Critics Using Sunset Clause to Sabotage Diplomacy

Critics Using Sunset Clause to Sabotage Diplomacy    Critics Using Sunset Clause to Sabotage Diplomacy

A former US nuclear negotiator says opponents of a nuclear deal with Tehran have grabbed onto a common provision in the interim accord signed between Iran and the major powers in late 2013 in a last-ditch attempt to sabotage the talks on a comprehensive settlement to the long-running dispute over Tehran’s nuclear program.

Richard Nephew, director for Iran at the US National Security Council, made the remarks in an article published on the website of the National Interest on Friday.

Since the interim deal was reached, critics have focused on a variety of its alleged deficiencies, “but perhaps no element of the agreement has received as much scorn as its last line,” which is a sunset clause, he said.

The sunset clause says following successful implementation of the final step of the comprehensive solution for its full duration, Iran’s nuclear program will be treated in the same manner as that of any non-nuclear weapon state party to the Non-Proliferation Treaty (NPT).

  Common Provision

Nephew said, “Given the level of criticism, one might think the sunset provision the major powers agreed to with Iran was unprecedented. Alas, you’d be mistaken. Indeed, sunset provisions are a common feature of international arms control and even Congressional legislation.”

In view of the fact that sunset provisions are common in international diplomacy, the real issue becomes whether the sunset concept being negotiated now is adequate protection against a future Iranian move to acquire nuclear weapons, he said, adding that it is possible to discern a few of the US administration’s concepts for the sunset of a nuclear deal with Iran:

1. It would only come after a long period of nuclear restrictions and intrusive inspections.

2. Iran would agree to fully implement its Safeguards Agreement and the Additional Protocol.  

3. During the period of the agreement, Iran would permit even more intrusive inspections than what these agreements with the International Atomic Energy Agency would normally allow.

He explained, “Iran would be treated like any other NPT state party in compliance with its international obligations after the term of the agreement formally ends. Nowhere has the United States agreed that Iran would be immunized forever more from international scrutiny after a deal eventually ends.

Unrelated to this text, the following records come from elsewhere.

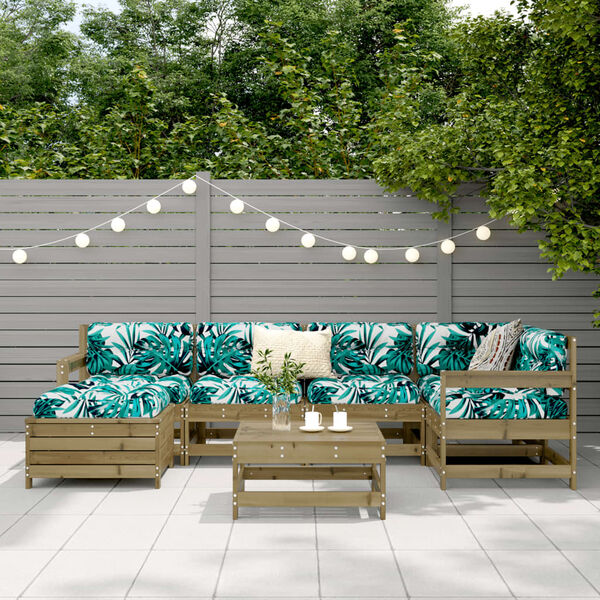 vidaXL 7 pcs conjunto sof&aacute;s jardim madeira de pinho impregnada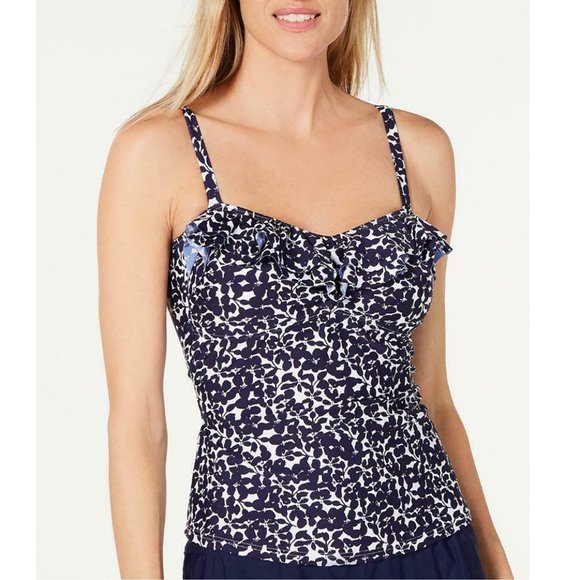 Island Escape Navy Bella Floral Tahiti Tankini Top - Picture 1 of 5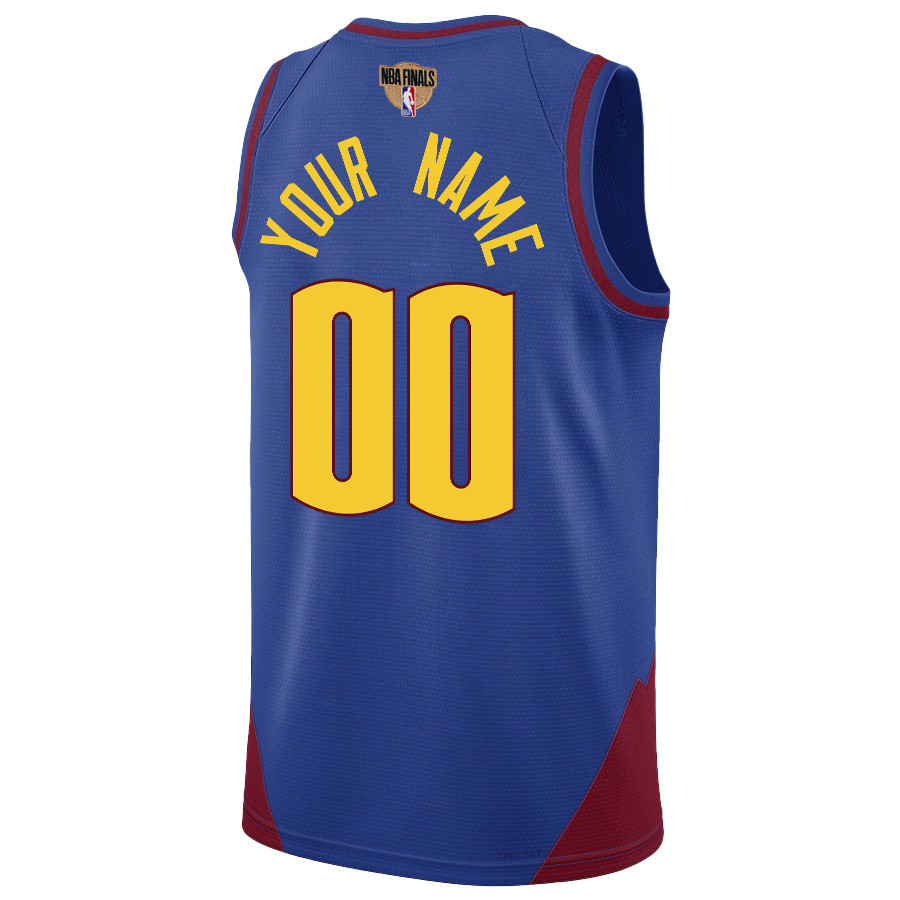 Custom 00 Denver Nuggets Final Champions 2023 Swingman Blue NBA Jersey Men's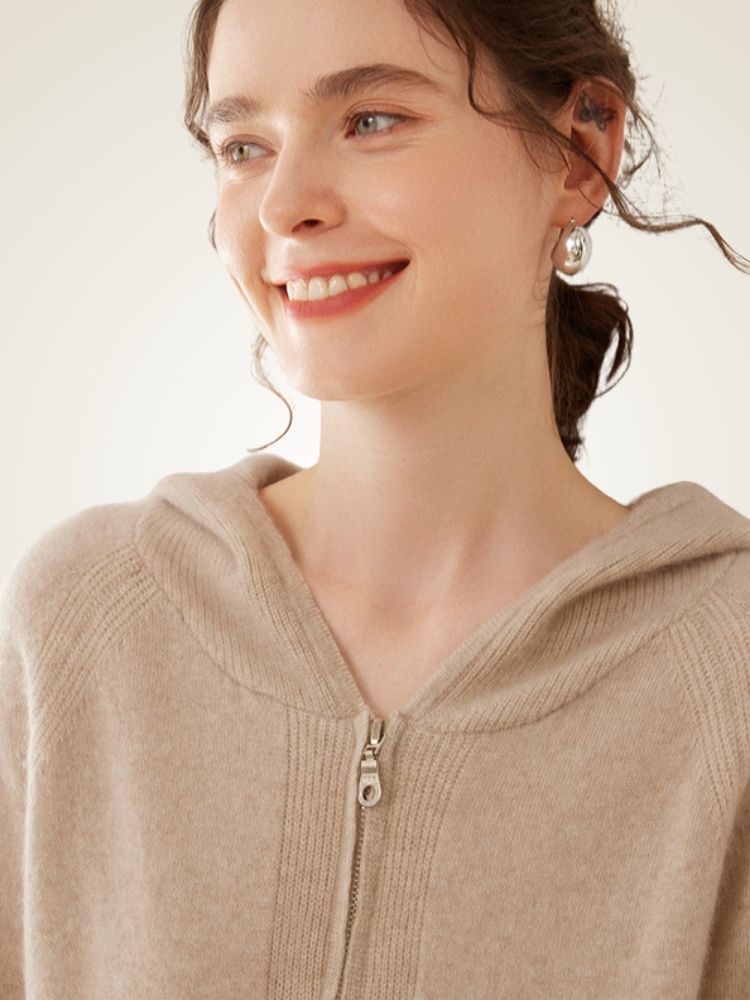 Lorynna - Sweat à capuche zippé en cachemire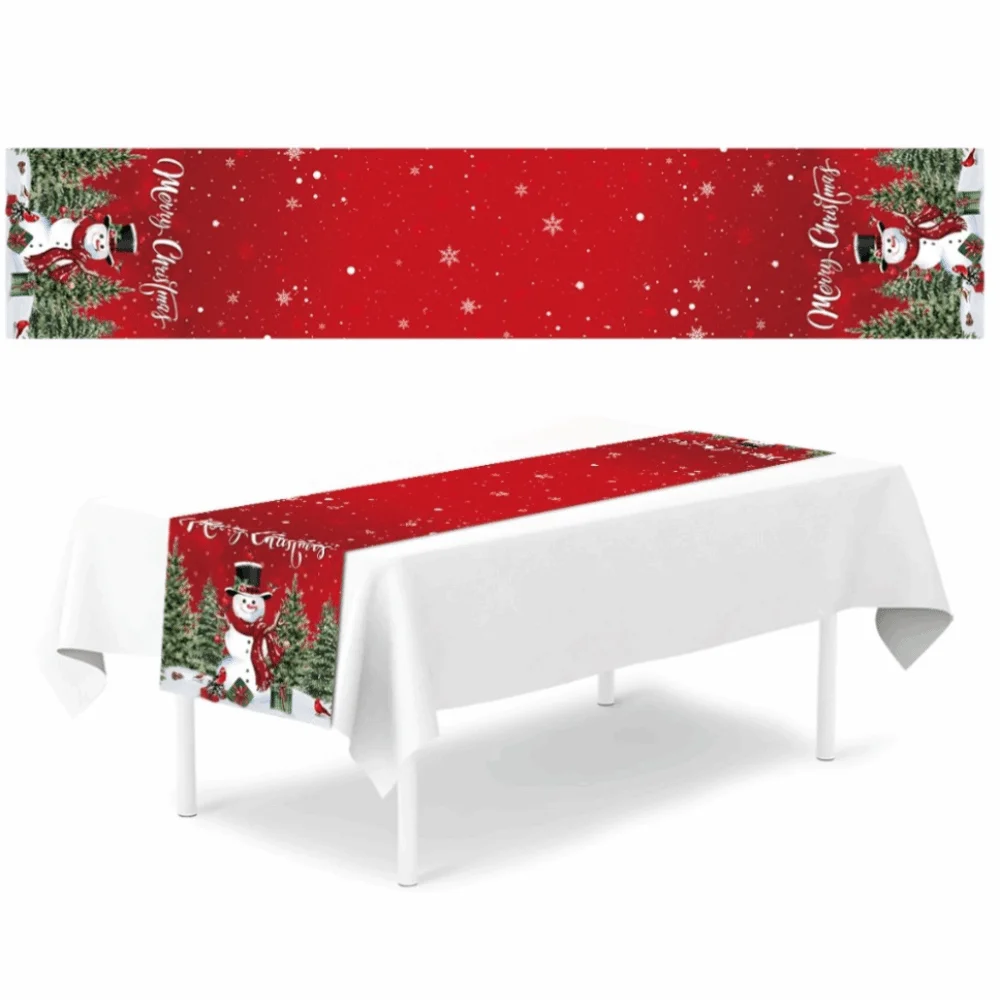 33*183cm Size Christmas Table Runner Polka Dot Cartoon Reindeer Xmas Decorations Reusable Red Linen Dining Table Decoration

Should Iran attempt to move to nuclear weapons after that time, it would be acting in contravention of its NPT obligations.”

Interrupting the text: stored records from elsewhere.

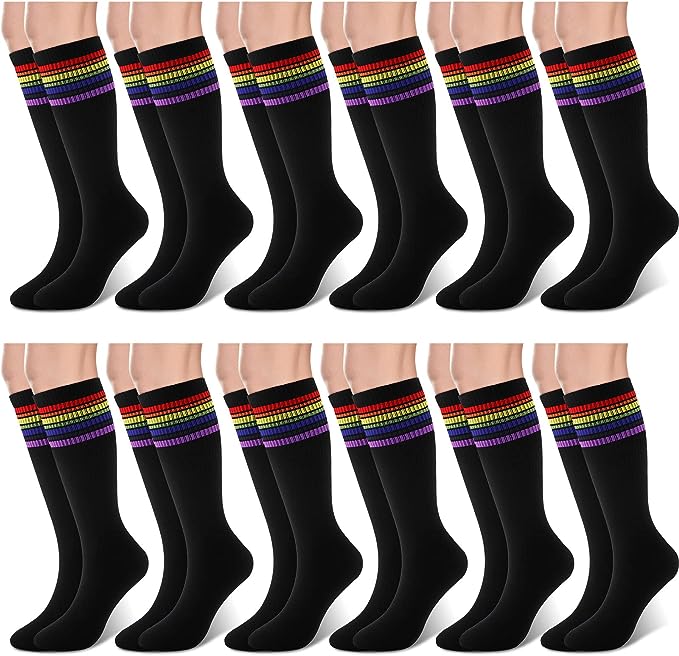 Photo 1 of 12 Pairs Rainbow Women's Knee High Socks Long Colorful Pride Striped Socks Thin Socks
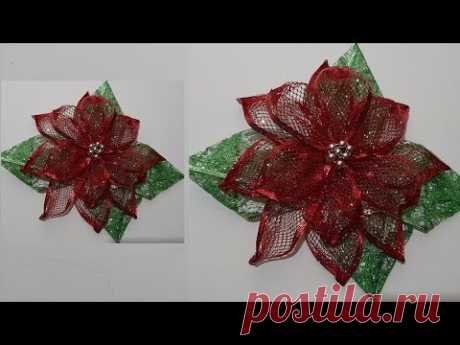 Flor navideña de cinta - nochebuena fácil - bella y decorativa nochebuena.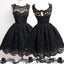 Black lace simple modest vintage freshman homecoming prom dresses,SF0001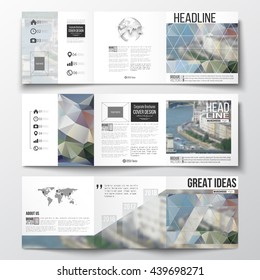 Vector set of tri-fold brochures, square design templates with element of world map and globe. Polygonal background, blurred image, urban landscape, modern stylish triangular vector texture.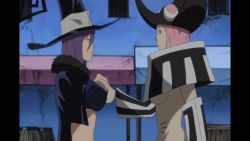 Rule 34 | 00s, 2girls, animated, animated gif, blair (soul eater), breasts squeezed together, breasts, detached sleeves, hat, jacket, midriff, mizune (soul eater), multiple girls, pink hair, purple hair, soul eater, strapless, subtitled, tube top, underboob, witch hat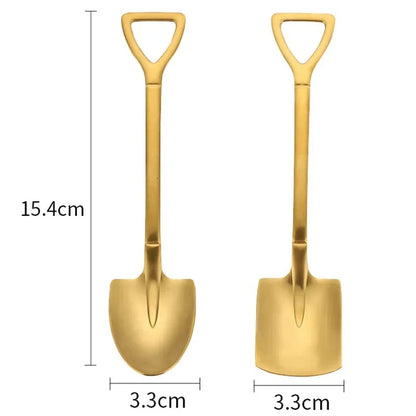 Kitchen Gadgets Spoons Shovel Shape Spoons- 2piece Stainless Steel Spoon Long Handle Coffee Ice Cream Afternoon Teaspoon for Home Kitchen Restaurant Party - 2Pcs - Multicolor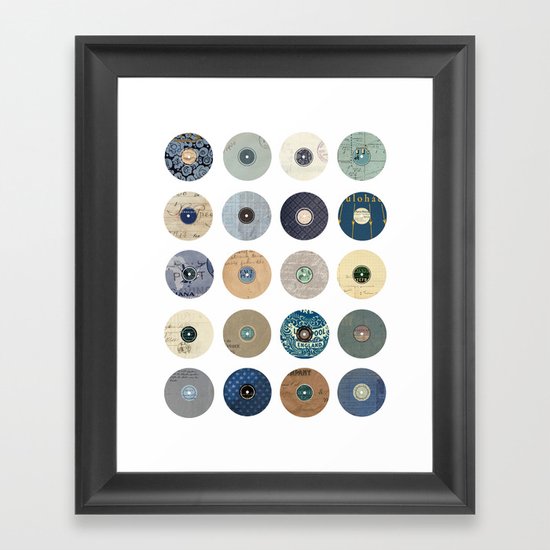 Vinyl Record Collage Framed Art Print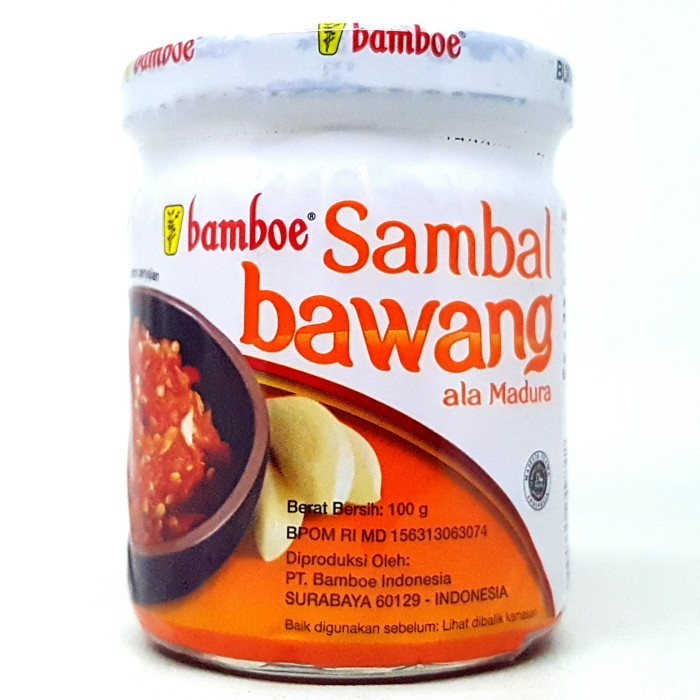 

\\\\\] BAMBOE SAMBAL BAWANG ALA MADURA 100gr SAMBEL HALAL MUI BOTOL KACA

Iran denies it nuclear program may have any military objectives, saying the work is solely for peaceful purposes, such as generating electricity.  

Nephew said, “Sunsetting is not a problem, either conceptually or specifically with Iran, and that it is an appropriate, standard, and reasonable way to address a long-term national security issue… Most people currently taking issue with the sunset clause are really just opposed to any deal with Iran.”

In conclusion, he said, “As a long-time antagonist of the Iranian nuclear program, it is not easy to contemplate a future in which Iran’s nuclear program is free from constraints… However, the simple reality is that Iran will not accept a deal in which it is a second-class NPT citizen forever and insisting upon it would spell the end of the negotiating process.  

“The sunset provision that the negotiators have in mind would address US national security requirements as well as protect the interests of our allies and partners. We should not jeopardize a sufficient solution for an unachievable ideal one.”